Jehova hat Menschen, die ihm heute mit ganzem Herzen dienen wollen, ewiges Leben auf einer paradiesischen Erde verheißen. Es ist weder selbstsüchtig, die Erfüllung dieser großartigen Verheißung zu erwarten, noch ist es anmaßend, sich vorzustellen, dort zu leben. Moses „hielt seinen Blick auf die Belohnung gerichtet“ (Hebräer 11:26). Paulus erwartete ebenso sehnsüchtig die Erfüllung dessen, was Gott treuen gesalbten Christen verheißen hat. Er schrieb: „Ich [jage] dem Ziel entgegen, dem Preis der Berufung Gottes nach oben durch Christus Jesus“ (Philipper 3:14).
Auch wir dürfen der Belohnung entgegenblicken, die Jehova denen verheißen hat, die ausharren. Die Erwartung dieser Belohnung ist ein fester Bestandteil unserer Erkenntnis Gottes und läßt uns im Dienst für ihn ausharren. Denken wir daher täglich über die Segnungen nach, die Jehova für uns bereithält. Mary, von der zu Beginn die Rede war, unternahm besondere Anstrengungen, das zu tun. Sie sagte: „Unlängst habe ich zum erstenmal in meinem Leben verstanden, daß Jesu Loskaufsopfer auf mich Anwendung findet. Zunehmend spüre ich, daß Jehova an mir persönlich interessiert ist. Erst vor kurzem begann ich, das wirklich zu glauben, obwohl ich seit über zwanzig Jahren eine Christin bin.“
Wie Mary haben schon Millionen andere dadurch, daß sie die Bibel studieren und aufrichtig über das Gelernte nachsinnen, erfahren, daß Jehova an seinem Volk interessiert ist, und zwar nicht nur als Gesamtheit, sondern an jedem einzelnen. Der Apostel Petrus war völlig davon überzeugt, weshalb er schrieb: „[Werft] all eure Sorge auf ihn .., denn er sorgt für euch“ (1. Petrus 5:7). Ja, Gott ist an jedem von uns interessiert!
[Fußnoten]
a Ein Schlauch war ein Behälter aus Tierhaut, der für Wasser, Öl, Milch, Wein, Butter oder Käse verwendet wurde. In alter Zeit hatte man Schläuche unterschiedlichster Größe und Form, teilweise waren es Lederbeutel oder Behälter mit einem schmalen Hals, der mit einem Stöpsel verschlossen wurde.

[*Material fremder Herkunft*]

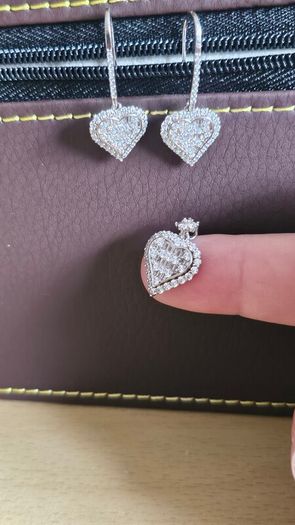 NEW - Love heart silver hook earrings & pandant match set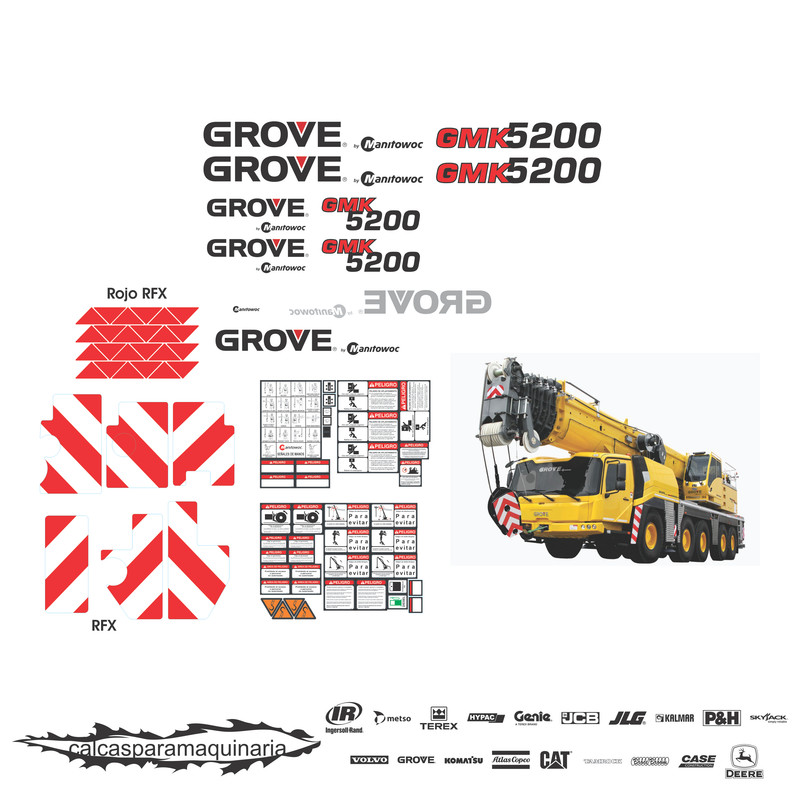 JUEGO DE CALCAS DE RESTAURACION PARA GROVE GMK5200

b Siehe Richter 11:27; Psalm 23:1; 65:2; 73:28; 89:26; Jesaja 8:13; 30:20; 40:28; 41:14; siehe auch Neue-Welt-Übersetzung der Heiligen Schrift — mit Studienverweisen, Anhang 1J, Seite 1631, 1632, herausgegeben von der Wachtturm-Gesellschaft.
[Kasten auf Seite 6]
Die Auferstehung — ein Beweis für Gottes Interesse
EINEN überzeugenden Beweis für Gottes Interesse an jedem einzelnen liefert die Bibel in Johannes 5:28, 29, wo es heißt: „Die Stunde kommt, in der alle, die in den Gedächtnisgrüften sind, seine [Jesu] Stimme hören und herauskommen werden.“
Interessanterweise wird in diesem Text im Griechischen statt táphos (Grab) das Wort mnēméion (Gedächtnisgruft) gebraucht. Das Wort táphos vermittelt lediglich den Gedanken des Begräbnisses. Dagegen liegt bei mnēméion die Betonung auf der Bewahrung des Andenkens an den Verstorbenen.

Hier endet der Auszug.